Jovial Monk wrote on Jan 28
th, 2025 at 5:35pm:
Quote:
Pristine ancient forest frozen in time in Rocky Mountains
A melting ice patch in the Rocky Mountains uncovered an ancient forest, and these trees have stories to tell about dynamic landscapes and climate change.
Jovial Monk wrote on Jan 28
th, 2025 at 5:35pm:
Idiots tell me this shows it was warmer in the MWP. Nope, warmer now than at any time in the Holocene Optimum. Globe is warming up so ice retreats north exposing the remains of old forests etc. With time where the ice was the tundra thaws and bacteria then weeds then trees grow in the new soil and the treeline marches north (or south down here of course.)
Quote:
Beartooth Plateau, which sits at an altitude of over 10,000 feet (3,000 meters), is a barren, tundra-like landscape. But it hasn't always been that way; an ancient forest lies beneath layers of ice.
Cooling temperatures about 5,500 years ago quickly encased this whitebark pine (Pinus albicaulis) forest in ice, preserving the trees in nearly perfect condition. Now, as ice patches frozen for millennia melt due to climate change, researchers are finding clues about what this ancient landscape was once like, and how it was preserved. They detailed their findings Dec. 30, 2024, in the journal PNAS.

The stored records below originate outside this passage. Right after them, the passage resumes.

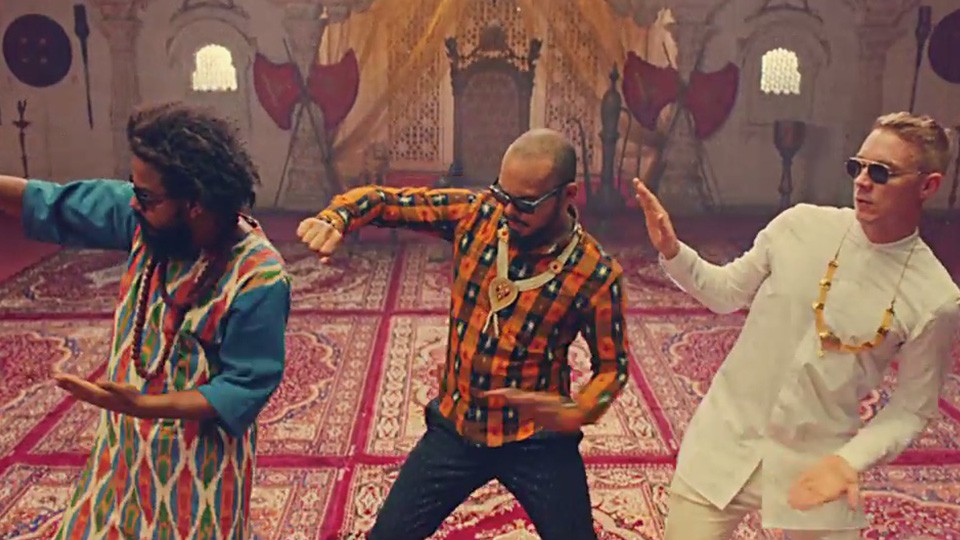 Classifica singoli europa 23 Maggio 2015: Major Lazer primo, entra Robin Schulz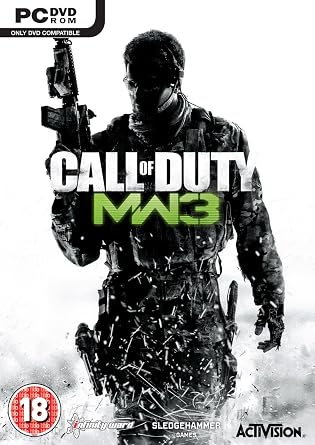 Call of Duty Modern Warfare 3 PC DVD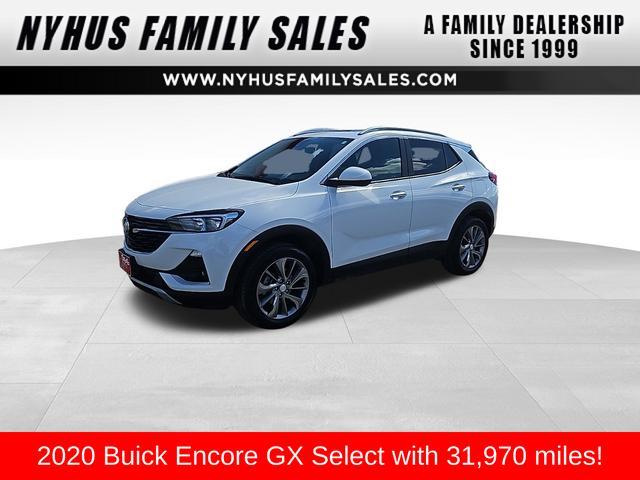 used 2020 Buick Encore GX car, priced at $22,000
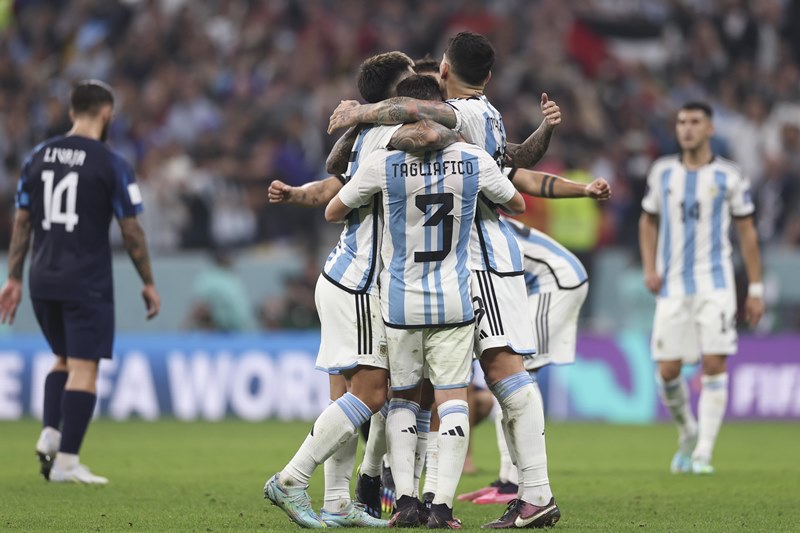 2022 FIFA World Cup: Argentina's Messi and Croatia's Gvardiol lock horns at the semifinals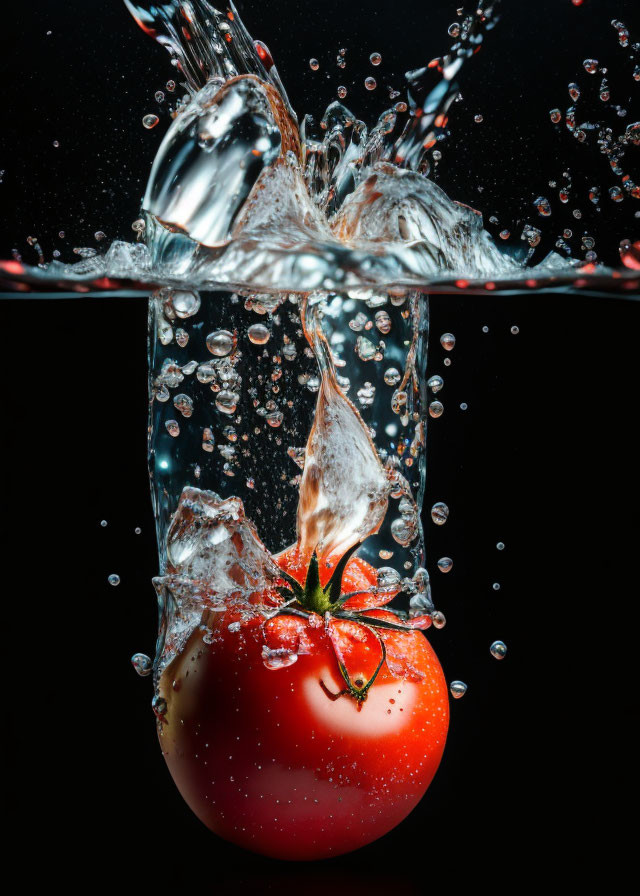 Tomato drop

"No one had any idea that these patches of ice had been around for thousands of years," David McWethy, an associate professor in the Department of Earth Sciences at Montana State University and co-author of the study, told Live Science. "Things looked dramatically different than they do today."
This ancient forest of whitebark pines thrived for centuries at much higher elevations than the same tree species that can be found in the region today. This is because the global climate went through a warm period between the end of the last ice age, about 10,000 years ago, and the time when these whitebark pines died over 5,000 years ago.
A long time for these trees to be buried!
Strangely enough the end of the Holocene
was about 5,500 years ago. Not that poor JM will admit it.